Thanks to the few times the old machine did work, I decided to buy myself a brand new Zojirushi.
|Zojirushi Home Bakery Virtuoso (BB-PAC20)|
I considered getting a machine that had an automatic dispensing tray for raisins or nuts, but that tray wasn't very big, and the machine just didn't sound as good.
The new machine has a few improvements over the old one, such one:
- 2 mixing paddles instead of 1
- Bigger capacity
- Horizontal loaf rather than vertical
|Whole-wheat walnut bread|
|Whole-wheat and white, cooked with a timer|
|Pumpernickel, cooked with a timer|
The latest bread I tried was a pull-apart honey whole-wheat, using a recipe from Hensberger's Bread Machine Cookbook and techniques from the Zojirushi cookbook's weird, "home made variations" recipe for "party bread". This was a trial run for Thanksgiving dinner rolls.
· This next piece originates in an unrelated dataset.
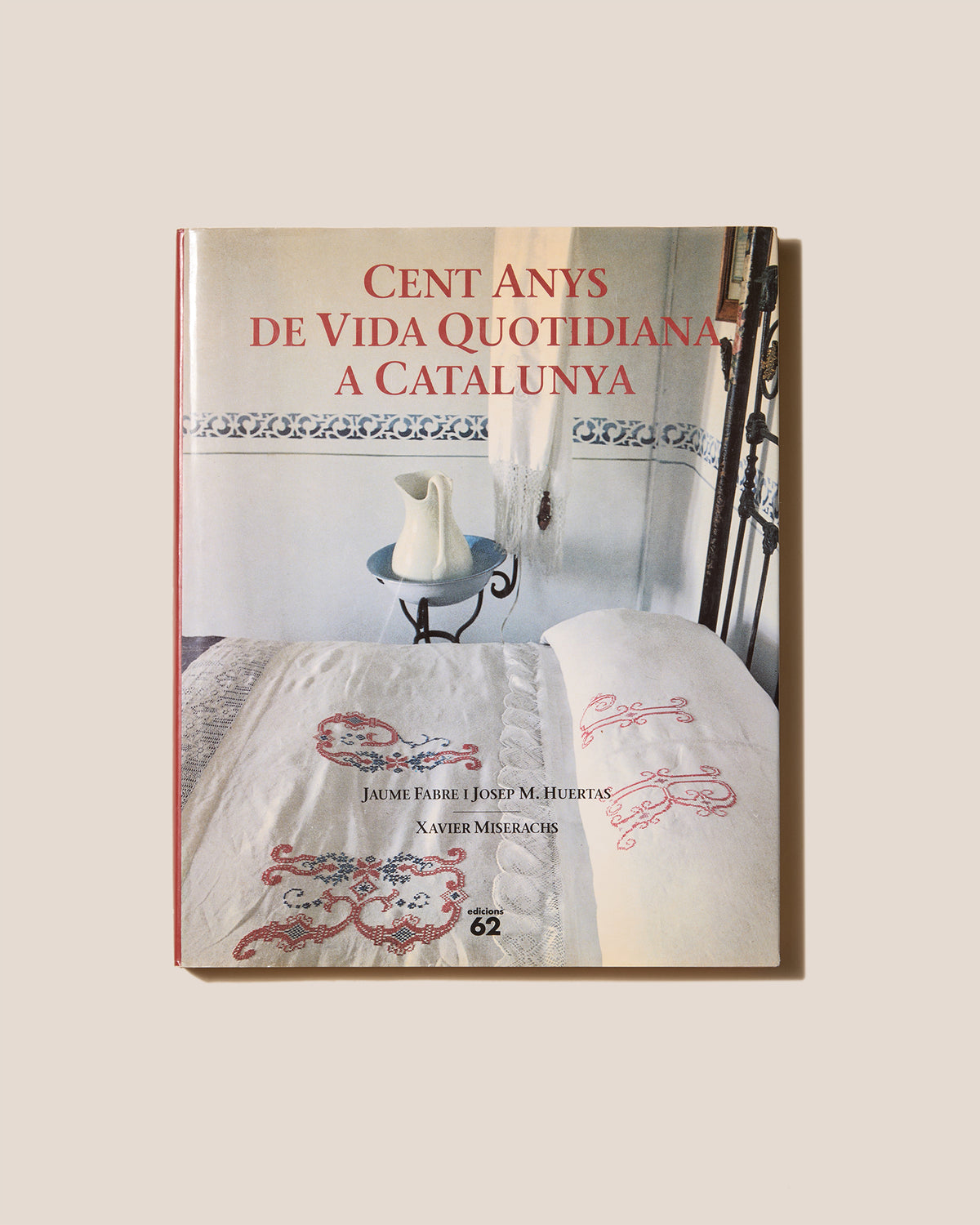 CENT ANYS DE VIDA QUOTIDIANA A CATALUNYA - Xavier Miserachs Book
I want to cook them in the bread machine, if possible, so they'll be ultra-fresh and we won't have to use the oven for anything but turkey. Plus, you know, it'll be cool.
|The remains of the honey whole-wheat|
Second, although the Zojirushi recipe is very unclear and incomplete, it worked better than I expected. The loaf, created from 15 mini-balls of dough, was fairly easy to pull apart, despite having no flour or cornmeal or oil/butter to keep the mini-balls from sticking to each other. I guess the mini-balls' little private rising time helped.
Third, although the Zo recipe calls for embedding sausage, chocolate, or cream cheese in each piece, I had nothing savory to put in them. I did, however, put a TJ's speculoos chocolate cup in one, just to see what would happen. It was a bit messy, melting into a spreading puddle that my husband and I gleefully chased down. Perhaps chocolate chips might work better, since they supposedly don't melt as well. However, for dinner rolls I'd stick with savory fillings, if any.
By the way, the Hensberger book is one of several that my friend Shams recently gave to me. Thanks, Shams!